Stored records:
######

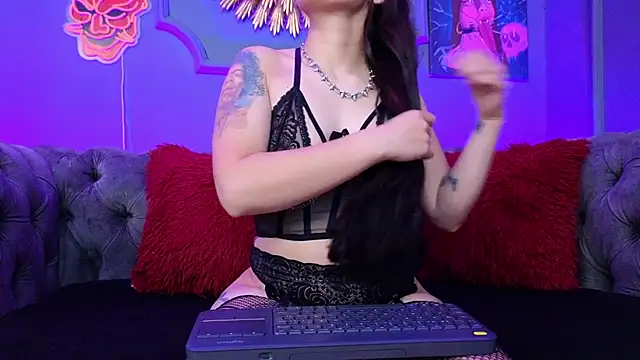 Julieta Russell online show from 7, 2, 2025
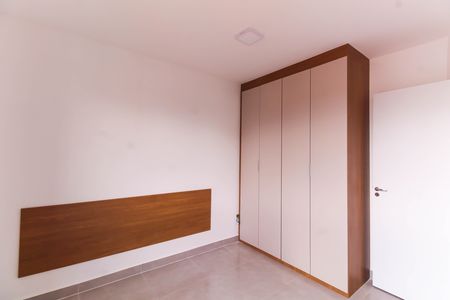 Banheiro 1 de apartamento para alugar com 2 quartos, 40m² em Vila Canero, São Paulo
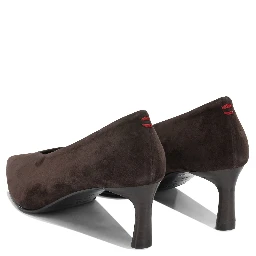 Heeled shoes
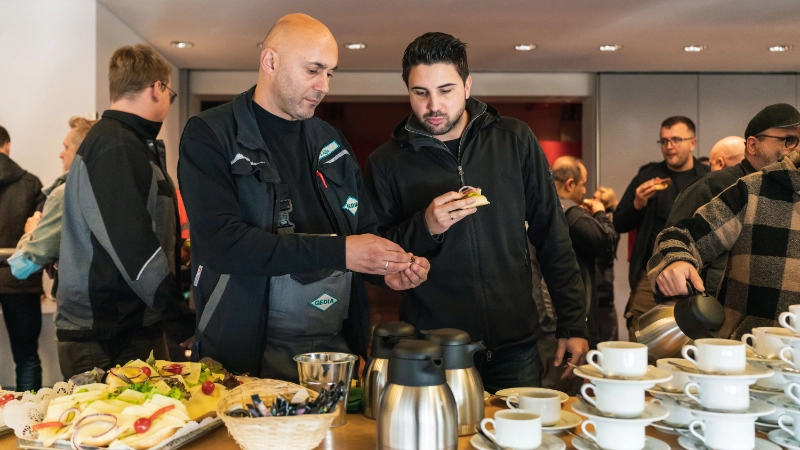 Impressionen der Warnstreikaktion in Stadthalle Attendorn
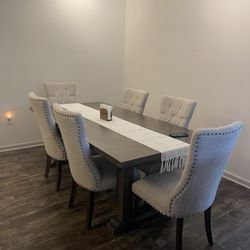 Dining Table With Leaf And  6 Chairs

######

The records above are to be repeated exactly, with every picture removed from the copy.

**SOLUTION TO THIS TASK**
 Julieta Russell online show from 7, 2, 2025
 Banheiro 1 de apartamento para alugar com 2 quartos, 40m² em Vila Canero, São Paulo
 Heeled shoes
 Impressionen der Warnstreikaktion in Stadthalle Attendorn
 Dining Table With Leaf And  6 Chairs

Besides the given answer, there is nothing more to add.